SWINDON Town head coach Luke Williams felt a poor decision in awarding Bury a first-half penalty cost his side at Gigg Lane on Saturday.

James Vaughan stepped up and converted from 12 yards to grab all three points for the hosts and condemn Swindon to the bottom four.

However, Williams was left perplexed by the decision made by referee Mark Brown and whilst conceding his side have been far from good enough this season, calls like that have cost his team dearly.

“(It was awarded for) contact inside the box, which is astonishing,” he said.

“In every penalty box in the whole world, every single football pitch from Sunday morning to the Champions League, everyone is contacting each other in the box.

“It is not a grapple. It’s contact and then release.

“Why we have been punished with a penalty is beyond me – it’s staggering.

“If the rules are that nobody is allowed to make contact in the box, then fine, but it is the same for everyone.

“We know we haven’t been good enough this season but we can certainly do without the referee deciding to award a penalty because two of the opposition bash into each other or somebody made some physical contact.”

In a game which lacked much of an attacking threat from either side, Williams believed his team had the chance to return to Wiltshire with at least a point with the chances created in the dying minutes.

However, when Charlie Colkett fired wide inside the box deep into time added on, Town’s chance of salvaging anything from the game went with it.

“It wasn’t good enough because we didn’t win,” added Williams.

“Lawrence Vigouroux had one save to make in 90 minutes of football.

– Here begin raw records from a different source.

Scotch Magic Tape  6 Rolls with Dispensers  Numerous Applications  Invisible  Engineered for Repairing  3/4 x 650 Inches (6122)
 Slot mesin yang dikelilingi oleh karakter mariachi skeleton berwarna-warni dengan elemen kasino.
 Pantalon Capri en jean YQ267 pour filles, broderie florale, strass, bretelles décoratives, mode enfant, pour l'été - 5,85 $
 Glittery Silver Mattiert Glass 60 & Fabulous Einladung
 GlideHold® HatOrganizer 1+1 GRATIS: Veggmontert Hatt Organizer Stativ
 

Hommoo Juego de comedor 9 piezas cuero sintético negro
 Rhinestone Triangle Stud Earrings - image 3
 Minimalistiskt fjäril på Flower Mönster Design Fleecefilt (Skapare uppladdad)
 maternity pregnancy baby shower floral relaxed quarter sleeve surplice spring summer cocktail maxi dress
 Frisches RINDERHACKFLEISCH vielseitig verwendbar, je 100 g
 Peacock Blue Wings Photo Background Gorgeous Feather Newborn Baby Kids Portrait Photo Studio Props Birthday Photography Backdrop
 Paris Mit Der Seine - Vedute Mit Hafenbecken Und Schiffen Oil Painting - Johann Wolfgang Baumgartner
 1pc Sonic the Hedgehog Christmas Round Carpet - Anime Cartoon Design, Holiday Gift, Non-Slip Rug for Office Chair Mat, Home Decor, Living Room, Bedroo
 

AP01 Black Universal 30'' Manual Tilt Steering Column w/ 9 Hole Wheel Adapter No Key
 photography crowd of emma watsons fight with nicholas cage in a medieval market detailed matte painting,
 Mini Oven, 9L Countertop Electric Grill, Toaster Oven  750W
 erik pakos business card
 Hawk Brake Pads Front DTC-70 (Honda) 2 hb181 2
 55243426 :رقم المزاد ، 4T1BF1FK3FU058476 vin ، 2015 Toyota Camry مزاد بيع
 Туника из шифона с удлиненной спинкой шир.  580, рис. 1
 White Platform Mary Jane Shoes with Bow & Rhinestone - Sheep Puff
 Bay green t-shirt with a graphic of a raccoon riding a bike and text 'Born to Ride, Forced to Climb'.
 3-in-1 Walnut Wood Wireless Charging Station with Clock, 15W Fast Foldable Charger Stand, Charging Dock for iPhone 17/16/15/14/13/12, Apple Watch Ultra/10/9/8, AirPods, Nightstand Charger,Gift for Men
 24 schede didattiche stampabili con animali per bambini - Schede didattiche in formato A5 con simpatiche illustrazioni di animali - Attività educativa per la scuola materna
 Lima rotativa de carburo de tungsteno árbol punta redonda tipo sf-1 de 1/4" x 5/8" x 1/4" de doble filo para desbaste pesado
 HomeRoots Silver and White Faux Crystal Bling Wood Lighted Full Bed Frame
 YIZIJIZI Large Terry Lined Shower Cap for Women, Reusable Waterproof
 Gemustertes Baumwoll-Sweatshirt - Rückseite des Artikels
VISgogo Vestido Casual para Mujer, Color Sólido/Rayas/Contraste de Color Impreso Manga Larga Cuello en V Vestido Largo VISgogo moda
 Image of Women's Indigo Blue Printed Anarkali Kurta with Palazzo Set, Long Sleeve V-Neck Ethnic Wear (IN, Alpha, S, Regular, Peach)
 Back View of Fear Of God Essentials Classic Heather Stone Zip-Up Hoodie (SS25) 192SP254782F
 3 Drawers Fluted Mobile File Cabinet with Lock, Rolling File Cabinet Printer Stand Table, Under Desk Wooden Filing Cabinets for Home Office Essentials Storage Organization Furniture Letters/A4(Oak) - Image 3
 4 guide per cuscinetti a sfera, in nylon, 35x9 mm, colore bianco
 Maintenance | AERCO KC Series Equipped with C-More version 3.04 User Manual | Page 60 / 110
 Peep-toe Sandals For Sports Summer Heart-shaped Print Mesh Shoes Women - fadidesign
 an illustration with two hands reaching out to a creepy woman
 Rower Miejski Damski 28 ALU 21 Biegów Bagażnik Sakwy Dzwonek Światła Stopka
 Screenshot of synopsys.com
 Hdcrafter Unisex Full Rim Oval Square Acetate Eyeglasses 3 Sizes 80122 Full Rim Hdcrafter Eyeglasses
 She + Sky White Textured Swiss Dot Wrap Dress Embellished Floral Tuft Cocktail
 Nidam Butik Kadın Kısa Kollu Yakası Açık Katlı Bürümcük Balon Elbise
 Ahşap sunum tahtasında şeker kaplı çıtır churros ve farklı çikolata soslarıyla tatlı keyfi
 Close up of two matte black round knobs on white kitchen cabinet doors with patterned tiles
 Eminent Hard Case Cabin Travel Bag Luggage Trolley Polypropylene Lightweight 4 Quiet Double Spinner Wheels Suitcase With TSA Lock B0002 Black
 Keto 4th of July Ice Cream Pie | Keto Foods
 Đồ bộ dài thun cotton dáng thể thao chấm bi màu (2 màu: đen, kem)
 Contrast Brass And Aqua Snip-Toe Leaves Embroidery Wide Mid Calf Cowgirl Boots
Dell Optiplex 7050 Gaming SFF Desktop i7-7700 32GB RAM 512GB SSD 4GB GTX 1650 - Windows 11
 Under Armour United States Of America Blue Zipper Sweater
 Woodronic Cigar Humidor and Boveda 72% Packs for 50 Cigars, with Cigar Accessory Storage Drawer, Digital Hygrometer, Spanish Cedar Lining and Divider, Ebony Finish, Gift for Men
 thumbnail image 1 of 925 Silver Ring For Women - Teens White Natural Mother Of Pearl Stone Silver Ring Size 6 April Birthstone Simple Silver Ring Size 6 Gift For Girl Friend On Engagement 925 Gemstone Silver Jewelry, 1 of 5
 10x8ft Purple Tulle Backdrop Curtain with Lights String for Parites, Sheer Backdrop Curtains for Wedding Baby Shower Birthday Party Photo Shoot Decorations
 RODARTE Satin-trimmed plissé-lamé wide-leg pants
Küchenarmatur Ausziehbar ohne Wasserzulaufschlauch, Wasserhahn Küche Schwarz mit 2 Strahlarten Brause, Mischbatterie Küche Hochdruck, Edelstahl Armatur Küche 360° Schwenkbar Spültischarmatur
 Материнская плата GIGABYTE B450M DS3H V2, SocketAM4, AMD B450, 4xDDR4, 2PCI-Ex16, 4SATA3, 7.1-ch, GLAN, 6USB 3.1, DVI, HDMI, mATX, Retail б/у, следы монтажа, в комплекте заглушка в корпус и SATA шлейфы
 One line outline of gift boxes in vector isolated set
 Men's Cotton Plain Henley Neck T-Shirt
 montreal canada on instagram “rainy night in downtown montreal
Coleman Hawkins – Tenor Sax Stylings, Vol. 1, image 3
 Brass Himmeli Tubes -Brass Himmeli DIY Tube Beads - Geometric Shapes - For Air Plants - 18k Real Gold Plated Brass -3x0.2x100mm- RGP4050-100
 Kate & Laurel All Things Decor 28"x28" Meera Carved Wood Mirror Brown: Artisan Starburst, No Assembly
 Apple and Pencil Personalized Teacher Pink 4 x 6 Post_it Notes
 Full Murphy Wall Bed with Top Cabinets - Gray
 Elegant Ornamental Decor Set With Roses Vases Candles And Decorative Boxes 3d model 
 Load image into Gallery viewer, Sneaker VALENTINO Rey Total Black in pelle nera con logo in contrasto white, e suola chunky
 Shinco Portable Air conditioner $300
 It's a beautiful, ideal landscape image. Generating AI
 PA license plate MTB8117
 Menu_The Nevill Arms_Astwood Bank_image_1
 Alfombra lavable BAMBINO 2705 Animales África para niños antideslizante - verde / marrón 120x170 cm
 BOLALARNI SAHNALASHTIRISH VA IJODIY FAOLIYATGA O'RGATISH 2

The referee decides to be a Bury fan for the day– other than that, we had nothing too clear until later on in the game.

“I think Charlie Colkett would expect to score from his position inside the box with the ball at his feet.

“When James Brophy breaks into the box and he has got the chance to square the ball to three targets, he should square it at one of them, clean, and they should put it in the back of the net.

“I don’t think it’s too much to ask and is unrealistic for the players with their qualities and their talent.

“If you don’t do that, you don’t deserve to win.”